Provided records:
──────
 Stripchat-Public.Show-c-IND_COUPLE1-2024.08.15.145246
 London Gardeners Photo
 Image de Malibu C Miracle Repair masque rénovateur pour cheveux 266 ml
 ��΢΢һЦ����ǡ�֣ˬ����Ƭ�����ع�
──────
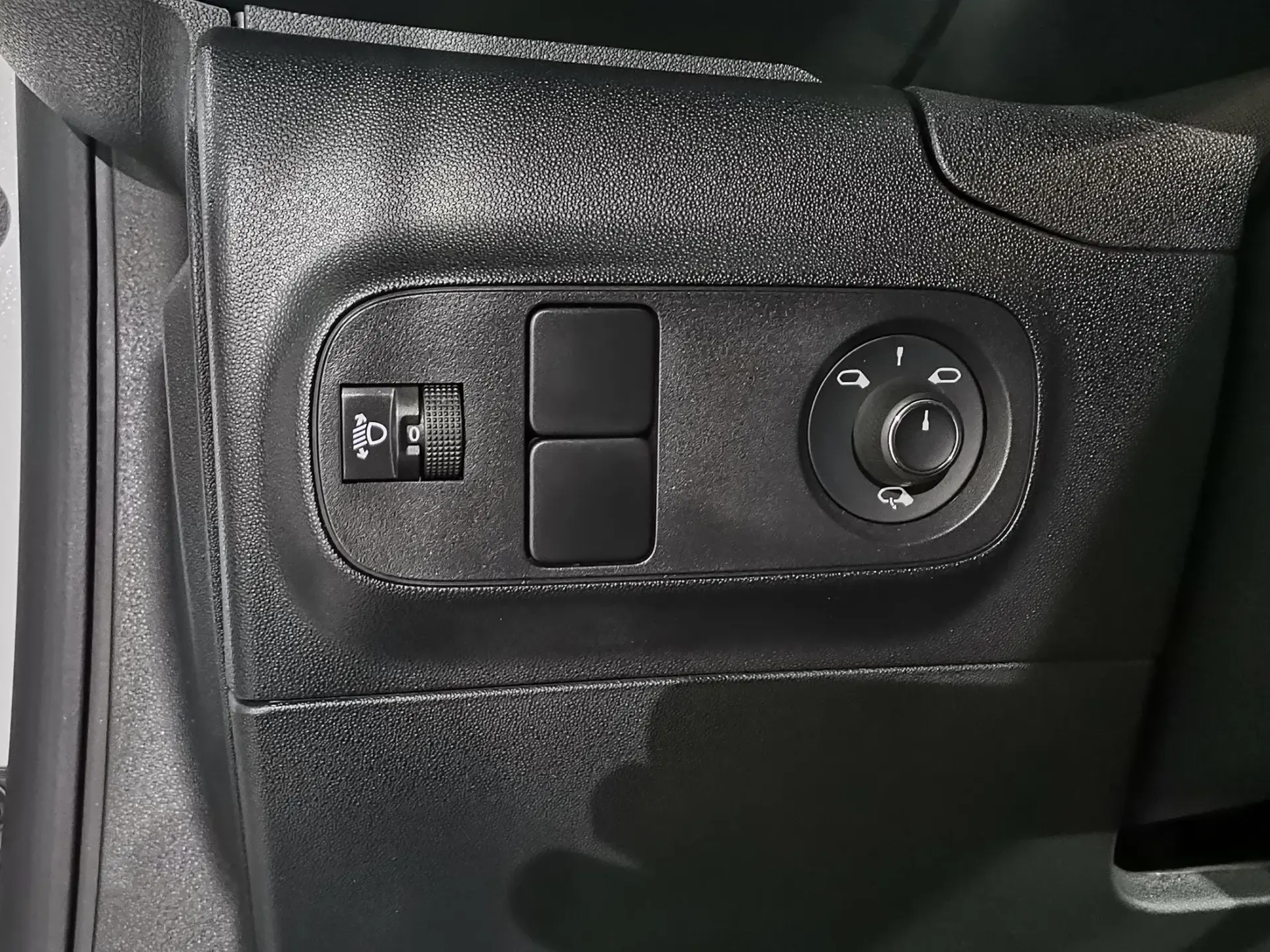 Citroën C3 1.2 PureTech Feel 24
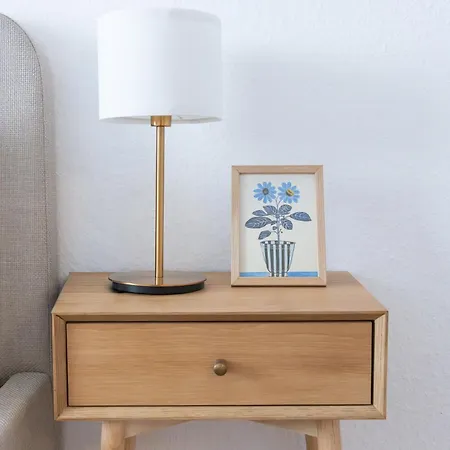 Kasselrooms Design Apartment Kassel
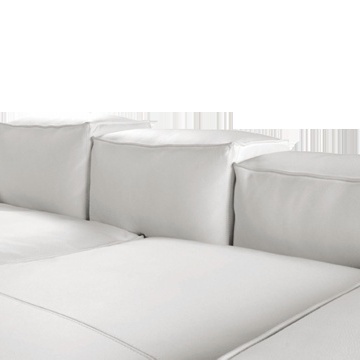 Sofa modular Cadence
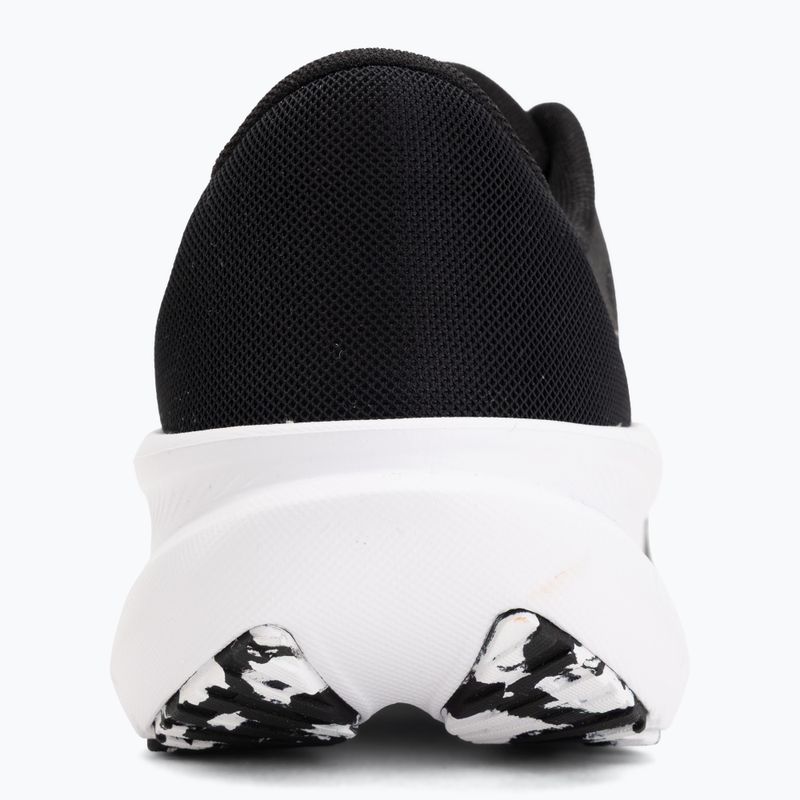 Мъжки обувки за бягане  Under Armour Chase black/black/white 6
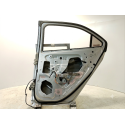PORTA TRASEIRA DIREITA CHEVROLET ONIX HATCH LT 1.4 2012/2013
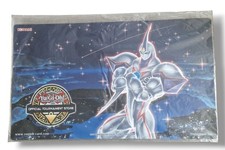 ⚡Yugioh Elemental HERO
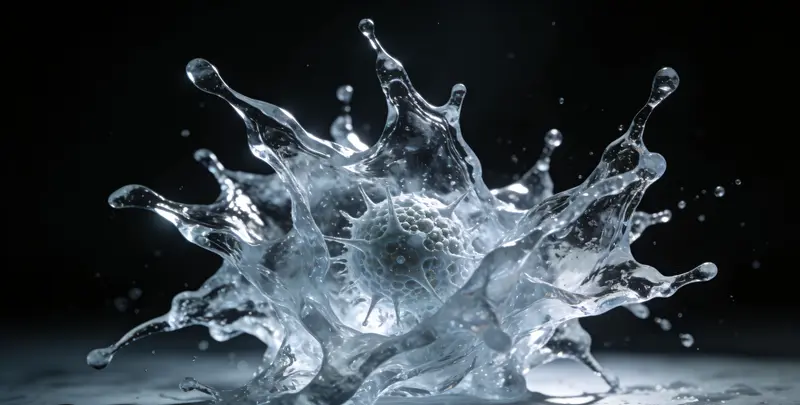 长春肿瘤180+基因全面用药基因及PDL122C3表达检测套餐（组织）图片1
──────
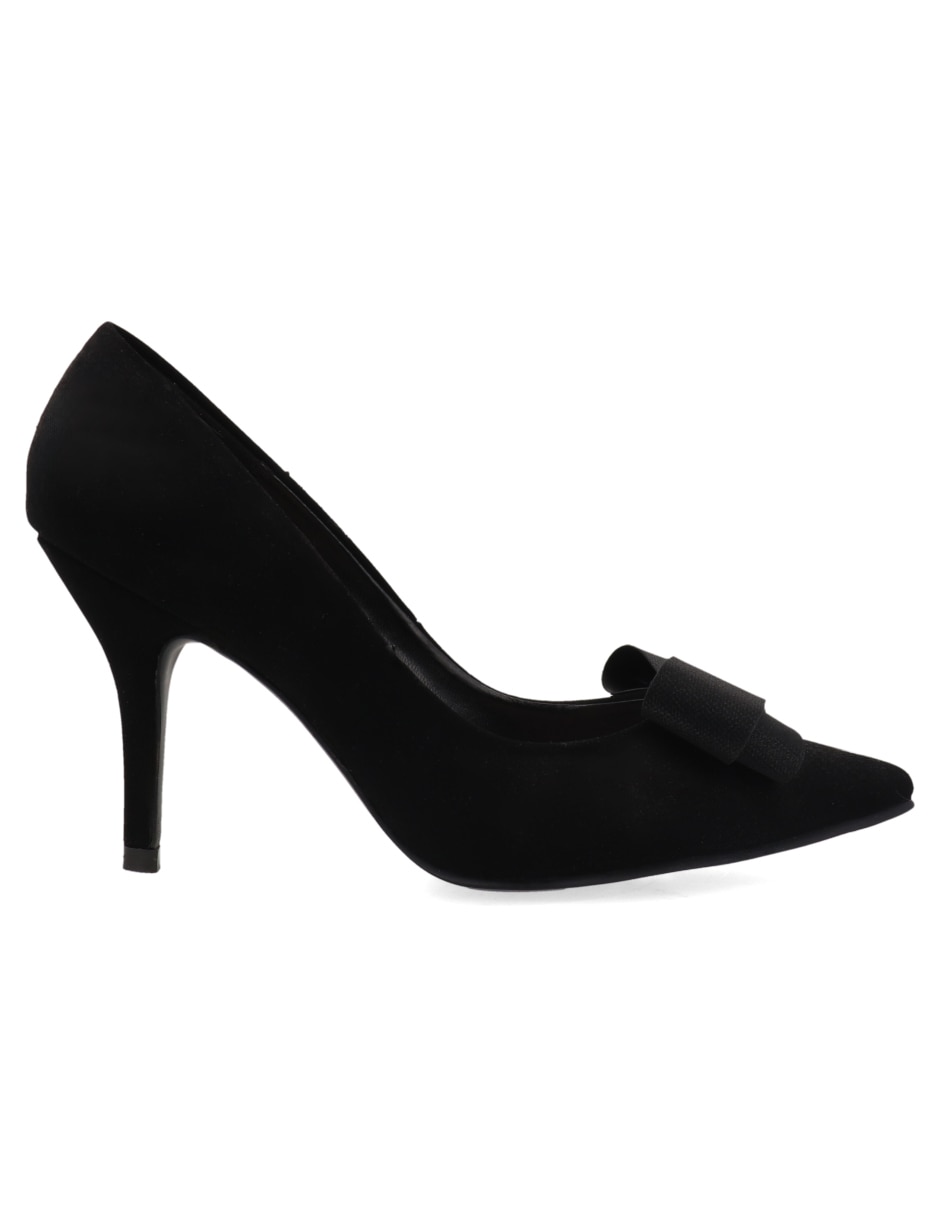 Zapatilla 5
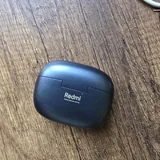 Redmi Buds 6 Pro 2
──────
Reproduce the entries exactly, from the line with "Kasselrooms Design Apartment Kassel" to the line with "长春肿瘤180+基因全面用药基因及PDL122C3表达检测套餐（组织）图片1", both lines included, keeping no pictures.

Output for this exercise:
 Kasselrooms Design Apartment Kassel
 Sofa modular Cadence
 Мъжки обувки за бягане  Under Armour Chase black/black/white 6
PORTA TRASEIRA DIREITA CHEVROLET ONIX HATCH LT 1.4 2012/2013
 ⚡Yugioh Elemental HERO
 长春肿瘤180+基因全面用药基因及PDL122C3表达检测套餐（组织）图片1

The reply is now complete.